**Brief:** Some entries follow. Reproduce exactly the lines starting at the one with "1998 Stadium Club Keyshawn Johnson" and stopping after the one with "Aretha Franklin’s Star-Studded".

**Supplied records:**
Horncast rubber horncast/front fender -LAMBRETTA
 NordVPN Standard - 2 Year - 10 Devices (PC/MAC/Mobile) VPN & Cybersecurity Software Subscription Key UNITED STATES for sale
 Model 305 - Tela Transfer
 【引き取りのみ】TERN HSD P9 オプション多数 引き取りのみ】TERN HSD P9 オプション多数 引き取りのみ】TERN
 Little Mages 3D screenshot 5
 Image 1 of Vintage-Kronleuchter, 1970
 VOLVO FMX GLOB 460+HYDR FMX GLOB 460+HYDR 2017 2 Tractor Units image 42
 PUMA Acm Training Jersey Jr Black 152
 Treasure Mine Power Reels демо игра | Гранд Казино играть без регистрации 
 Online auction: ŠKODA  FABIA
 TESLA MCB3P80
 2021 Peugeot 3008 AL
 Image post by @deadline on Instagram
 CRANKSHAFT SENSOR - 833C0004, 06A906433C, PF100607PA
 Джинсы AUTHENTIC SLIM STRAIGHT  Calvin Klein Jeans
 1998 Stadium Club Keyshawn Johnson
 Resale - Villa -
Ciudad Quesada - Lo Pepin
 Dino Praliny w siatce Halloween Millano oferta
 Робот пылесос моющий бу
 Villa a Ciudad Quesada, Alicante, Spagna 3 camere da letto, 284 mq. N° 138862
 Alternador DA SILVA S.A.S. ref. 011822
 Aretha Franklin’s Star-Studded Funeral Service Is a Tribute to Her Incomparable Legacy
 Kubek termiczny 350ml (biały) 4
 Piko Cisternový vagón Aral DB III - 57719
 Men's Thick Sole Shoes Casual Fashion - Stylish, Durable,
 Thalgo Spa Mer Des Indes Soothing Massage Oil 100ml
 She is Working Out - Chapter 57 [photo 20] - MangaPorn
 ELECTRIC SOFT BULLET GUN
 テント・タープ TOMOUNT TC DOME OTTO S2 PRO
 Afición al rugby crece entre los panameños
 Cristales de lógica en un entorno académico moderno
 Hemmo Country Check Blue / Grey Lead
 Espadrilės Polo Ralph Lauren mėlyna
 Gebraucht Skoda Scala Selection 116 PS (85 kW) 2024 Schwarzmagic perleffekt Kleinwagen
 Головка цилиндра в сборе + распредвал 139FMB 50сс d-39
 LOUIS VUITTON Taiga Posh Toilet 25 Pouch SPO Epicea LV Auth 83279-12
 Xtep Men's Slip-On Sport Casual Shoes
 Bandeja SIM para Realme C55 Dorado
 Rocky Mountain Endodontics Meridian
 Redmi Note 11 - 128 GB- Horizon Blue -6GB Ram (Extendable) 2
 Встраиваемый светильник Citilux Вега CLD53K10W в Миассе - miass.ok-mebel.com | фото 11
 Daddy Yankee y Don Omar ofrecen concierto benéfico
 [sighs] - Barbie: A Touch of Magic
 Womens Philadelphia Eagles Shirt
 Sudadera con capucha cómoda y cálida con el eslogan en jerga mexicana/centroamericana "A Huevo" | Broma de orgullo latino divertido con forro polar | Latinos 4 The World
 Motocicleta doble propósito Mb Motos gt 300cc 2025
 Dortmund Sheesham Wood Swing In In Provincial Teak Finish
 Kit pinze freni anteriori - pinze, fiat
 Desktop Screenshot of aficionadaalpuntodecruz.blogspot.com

**Answer box:**
 1998 Stadium Club Keyshawn Johnson
 Resale - Villa -
Ciudad Quesada - Lo Pepin
 Dino Praliny w siatce Halloween Millano oferta
 Робот пылесос моющий бу
 Villa a Ciudad Quesada, Alicante, Spagna 3 camere da letto, 284 mq. N° 138862
 Alternador DA SILVA S.A.S. ref. 011822
 Aretha Franklin’s Star-Studded Funeral Service Is a Tribute to Her Incomparable Legacy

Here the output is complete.